*WHAT IS REQUIRED*: Once you find the line below that has "In view is the", output it and every line after it exactly, stopping after the line that has "The scikit-learn pre-processing", with no pictures.

*DATA FOR ANALYSIS*:
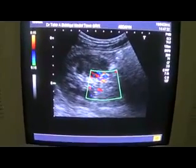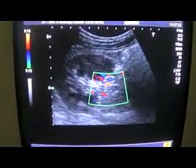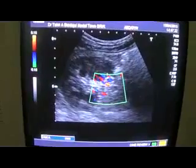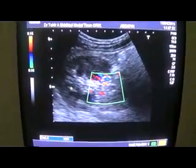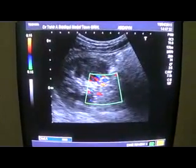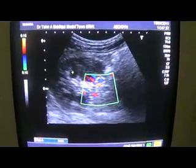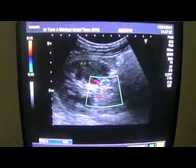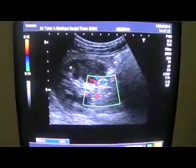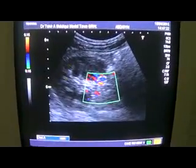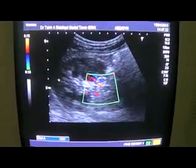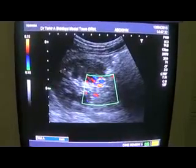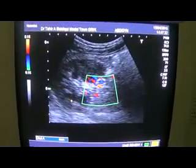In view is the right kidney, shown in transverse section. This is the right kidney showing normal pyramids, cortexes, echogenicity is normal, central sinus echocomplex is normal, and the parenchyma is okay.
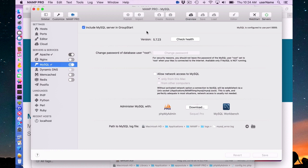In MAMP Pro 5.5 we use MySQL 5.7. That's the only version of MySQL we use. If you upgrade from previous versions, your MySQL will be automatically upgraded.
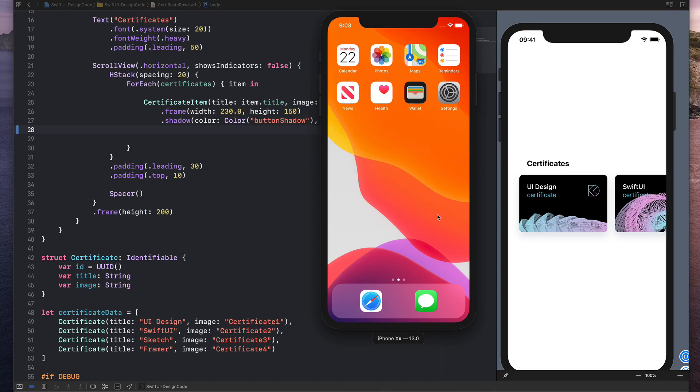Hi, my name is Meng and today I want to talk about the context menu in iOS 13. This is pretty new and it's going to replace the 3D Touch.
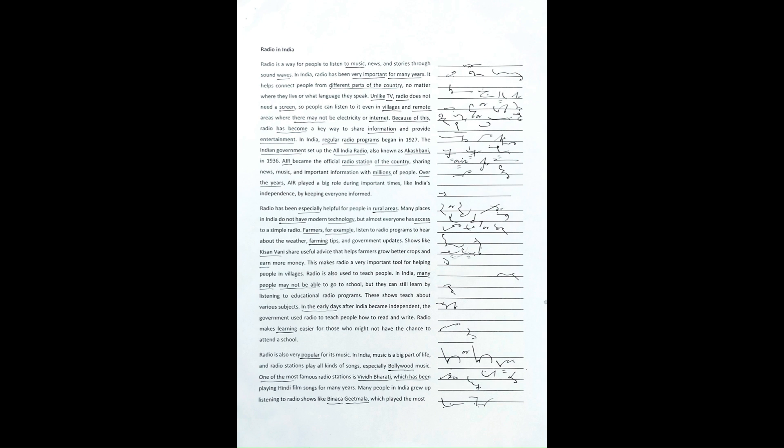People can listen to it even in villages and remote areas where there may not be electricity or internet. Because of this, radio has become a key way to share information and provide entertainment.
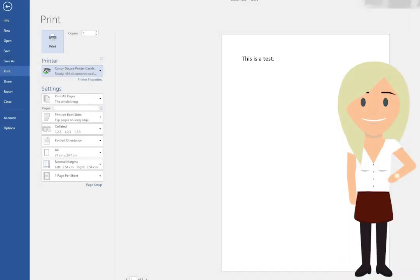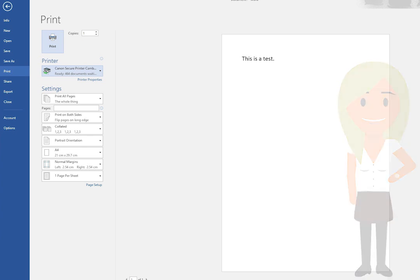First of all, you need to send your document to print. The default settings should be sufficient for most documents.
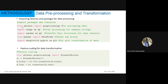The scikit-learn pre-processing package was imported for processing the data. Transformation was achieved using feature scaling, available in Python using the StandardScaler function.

...

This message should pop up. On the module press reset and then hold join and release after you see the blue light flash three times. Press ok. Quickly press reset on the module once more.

---

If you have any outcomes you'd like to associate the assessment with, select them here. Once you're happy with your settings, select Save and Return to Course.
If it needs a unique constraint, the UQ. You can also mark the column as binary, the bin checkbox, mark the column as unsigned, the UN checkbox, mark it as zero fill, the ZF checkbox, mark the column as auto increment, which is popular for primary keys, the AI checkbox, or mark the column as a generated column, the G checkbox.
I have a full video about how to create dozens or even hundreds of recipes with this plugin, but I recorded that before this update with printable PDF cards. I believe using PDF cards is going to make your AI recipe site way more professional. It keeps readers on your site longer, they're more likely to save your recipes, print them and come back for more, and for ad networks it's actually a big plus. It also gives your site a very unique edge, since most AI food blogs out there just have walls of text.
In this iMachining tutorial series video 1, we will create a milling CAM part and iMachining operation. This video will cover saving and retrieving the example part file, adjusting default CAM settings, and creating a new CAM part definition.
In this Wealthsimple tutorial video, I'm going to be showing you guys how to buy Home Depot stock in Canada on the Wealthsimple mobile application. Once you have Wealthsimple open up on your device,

*EXERCISE RESULT*:
In view is the right kidney, shown in transverse section. This is the right kidney showing normal pyramids, cortexes, echogenicity is normal, central sinus echocomplex is normal, and the parenchyma is okay.
In MAMP Pro 5.5 we use MySQL 5.7. That's the only version of MySQL we use. If you upgrade from previous versions, your MySQL will be automatically upgraded.
Hi, my name is Meng and today I want to talk about the context menu in iOS 13. This is pretty new and it's going to replace the 3D Touch.
People can listen to it even in villages and remote areas where there may not be electricity or internet. Because of this, radio has become a key way to share information and provide entertainment.
First of all, you need to send your document to print. The default settings should be sufficient for most documents.
The scikit-learn pre-processing package was imported for processing the data. Transformation was achieved using feature scaling, available in Python using the StandardScaler function.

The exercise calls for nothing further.